If you can make sure something else won't emit watts (other cores, something usi...

rigtorp · on Aug 3, 2020

There was also this recent patch https://lwn.net/Articles/816211/ to deal with kthread affinities. Even with isolcpus I find I still need to run pgrep -P 2 | xargs -i taskset -p -c 0 {} and deal with the workqueues.

Have you tried "A full task-isolation mode for the kernel": https://lwn.net/Articles/816298/ ?

Running only a single thread per core, I see no difference between SCHED_FIFO vs SCHED_OTHER. Except SCHED_FIFO can cause lockups if running 100% since cores are not completely isolated (ie vmstat timer and some other stuff).

Yes, it's annoying you cannot disable compaction. There is also work on pro-active compaction now: https://nitingupta.dev/post/proactive-compaction/

angry_octet · on Aug 4, 2020

I like the Tosatti/WindRiver/Lameter patch. (Except the naming: _possible is the same meaning as _available, but they mean different things here depending if kthreads or user threads?) Just needs a proc interface.

With a patch like this you can force bottom half (interrupts), top half (kthreads) and user threads to all be on different cores.

The 'full task-isolation mode' seems wierd, because why should you drop out of isolation because of something outside your control like paging or TLB? Anyway, mlockall that. Its fine to be told I guess (except signals take time) but why drop out of isolation and risk glitches in re-isolating? It doesn't seem very polished.

Something else occured to me: you still have to be careful about data flow and having enough allocatable memory. E.g., a lot of memory local to core 0 will be consumed by buffer cache, it can be beneficial to drop it (free; numstat -ms; sync; echo 1 > /proc/sys/vm/drop_caches; free; numastat -ms).

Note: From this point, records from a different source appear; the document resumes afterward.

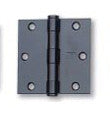 Door Hinge with Flat Tips, Ball Tips or Steeples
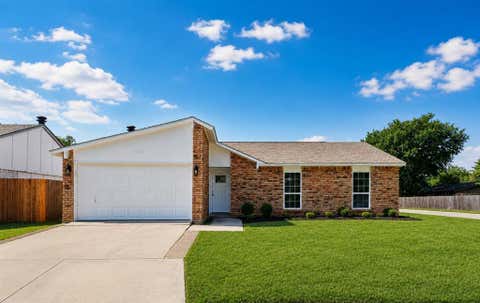 Photo of 5100 Alpha Drive, The Colony, TX 75056 (MLS # 21341755)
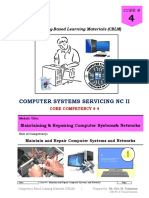 CORE 4 MAINTAIN & REPAIR COMPUTER SYSTEMS & NETWORK (26pgs)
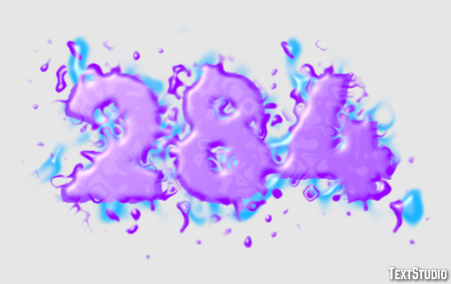 284 Effet de Texte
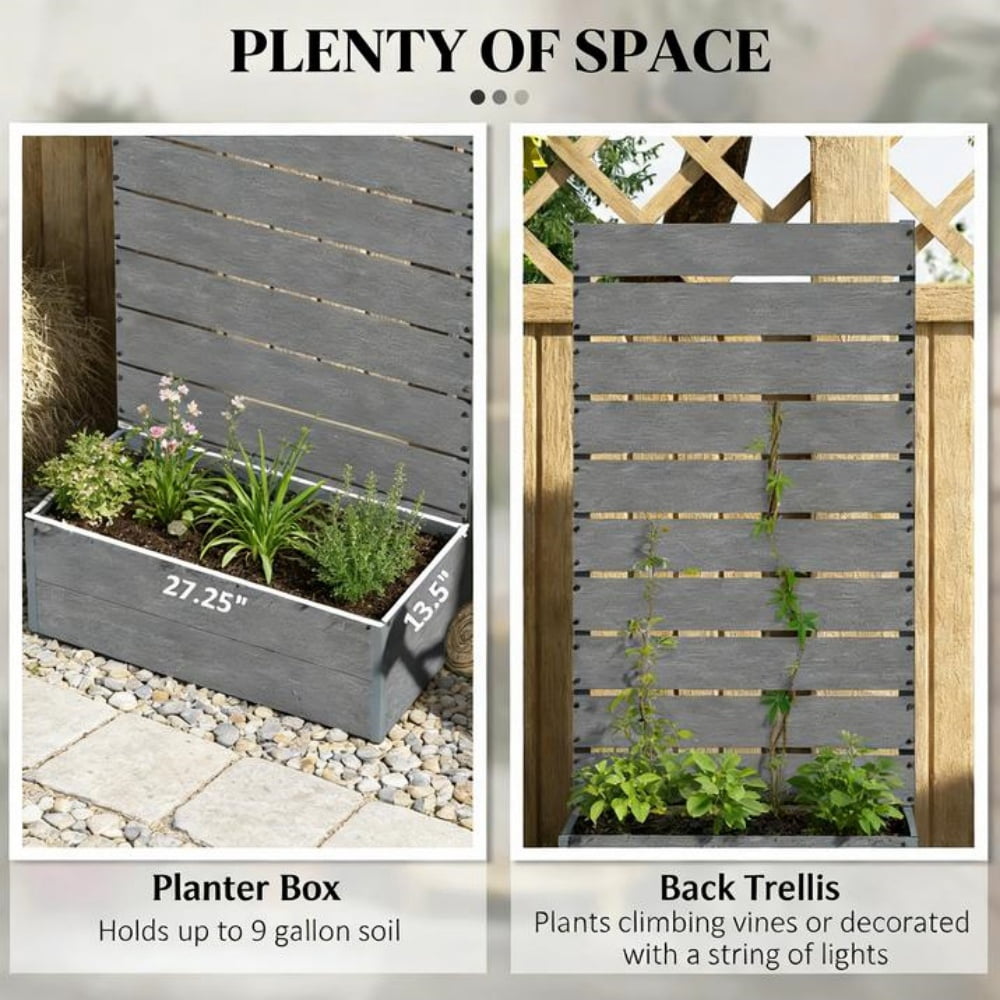 Raised Garden Bed
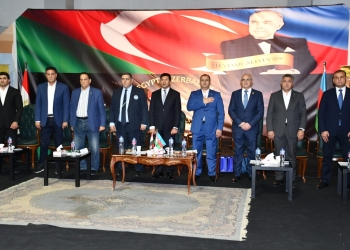 “صبحي” يلتقي رئيس الحكام بالاتحاد الدولي للكونغ فو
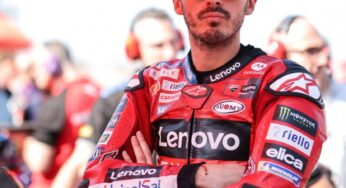 Francesco Bagnaia Akui Sulit Tembus Podium MotoGP 2025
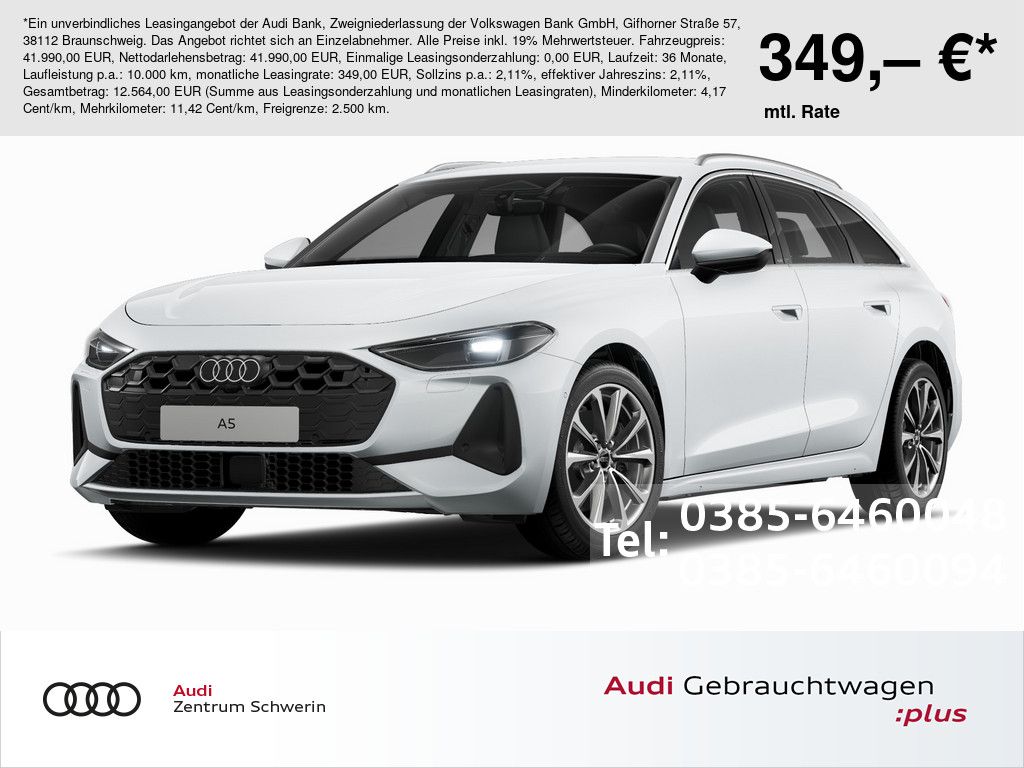 Audi A5 2025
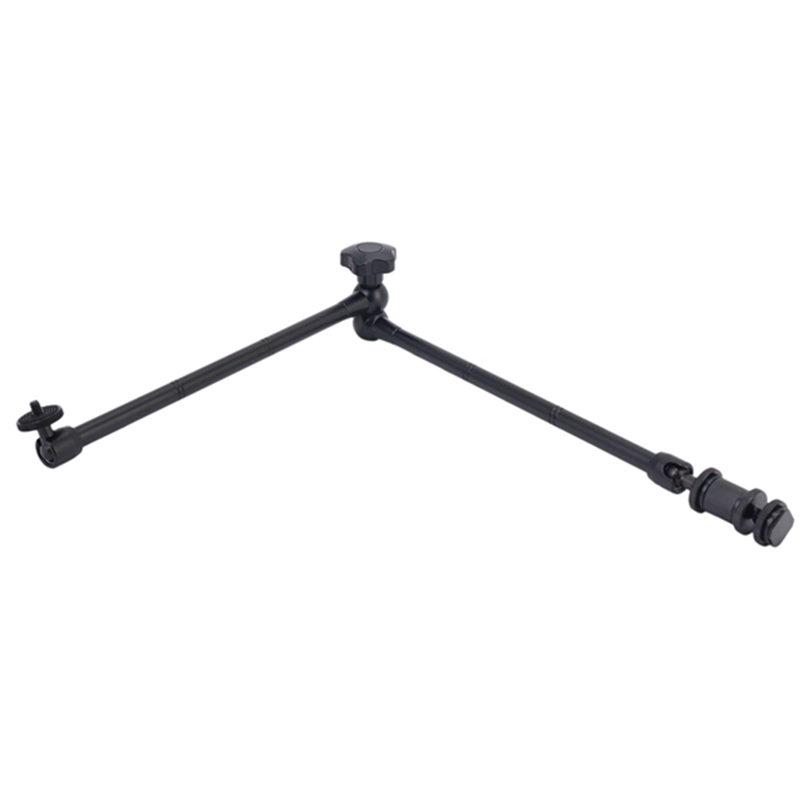 Camera Accessories 20 Inch Magic Hand Magic Arm Monitor Lcd Screen Camera Universal Bracket With Crab Claw Clamp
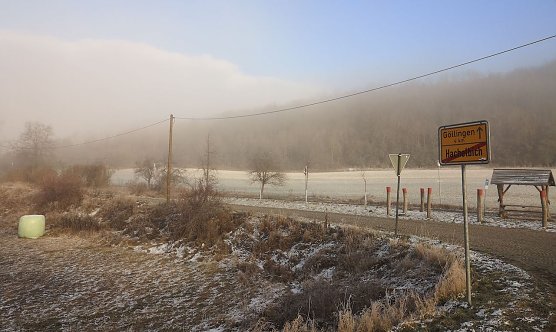 Impressionen aus Hachelbich (Foto: Fam. Leipold)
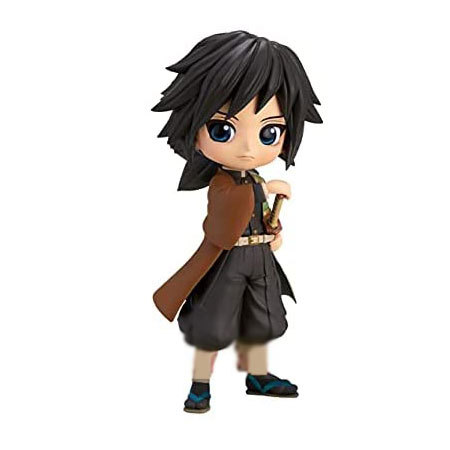 BANPRESTO（バンプレスト） 鬼滅の刃 Q posket 冨岡 義勇 セピアカラー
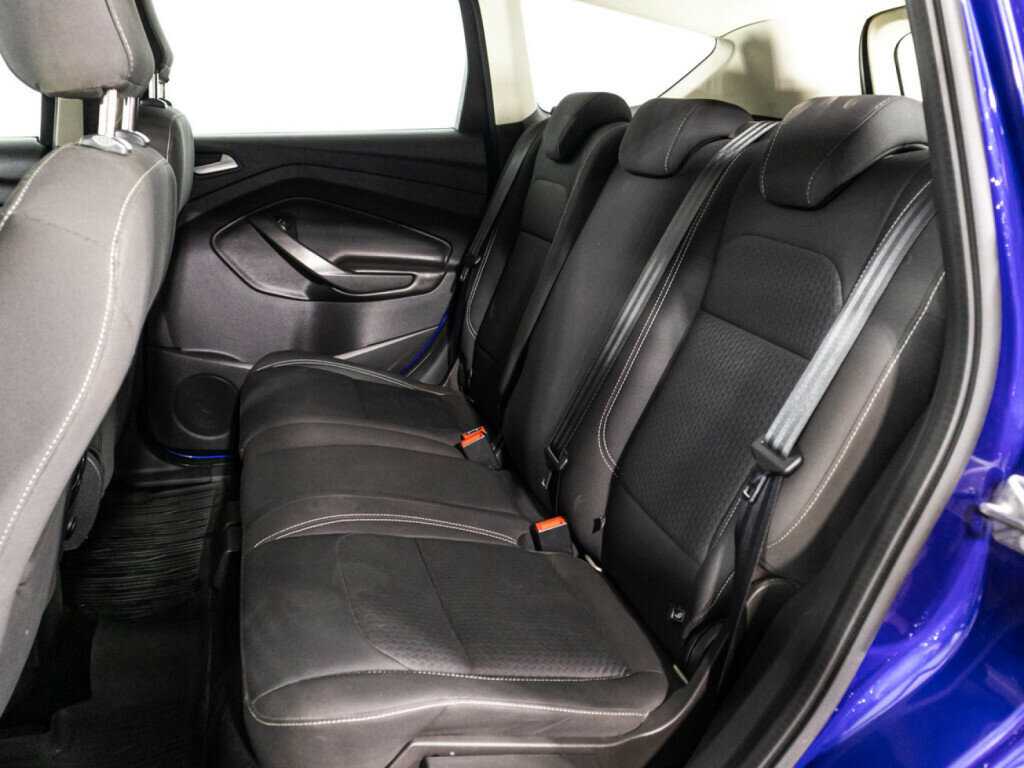 Ford Kuga, 2017 Фото №10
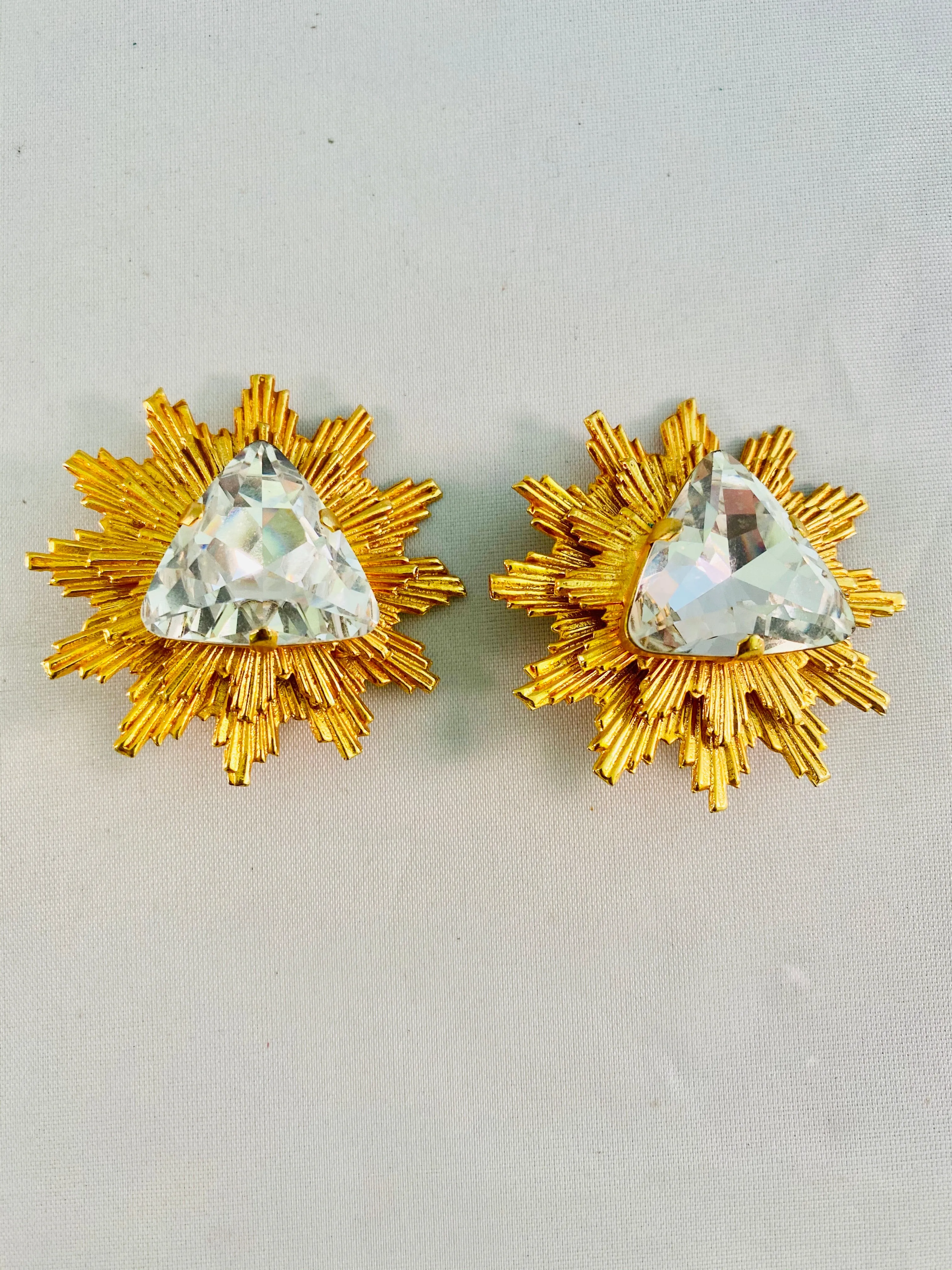 Philippe Ferrandis Earrings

I find it bizarre that all this THP compaction stuff is for workloads that are commonly run under a virtual machine, i.e. another layer of indirection.

rigtorp · on Aug 4, 2020

As I understand 'full task-isolation mode' will prevent compaction, completely disable vmstat timer etc. So it provides additional isolation. Since you already switched into kernel mode, might as well deliver a signal to let you know it happened. If the signal is masked there should be no overhead at all except a branch to check the signal mask.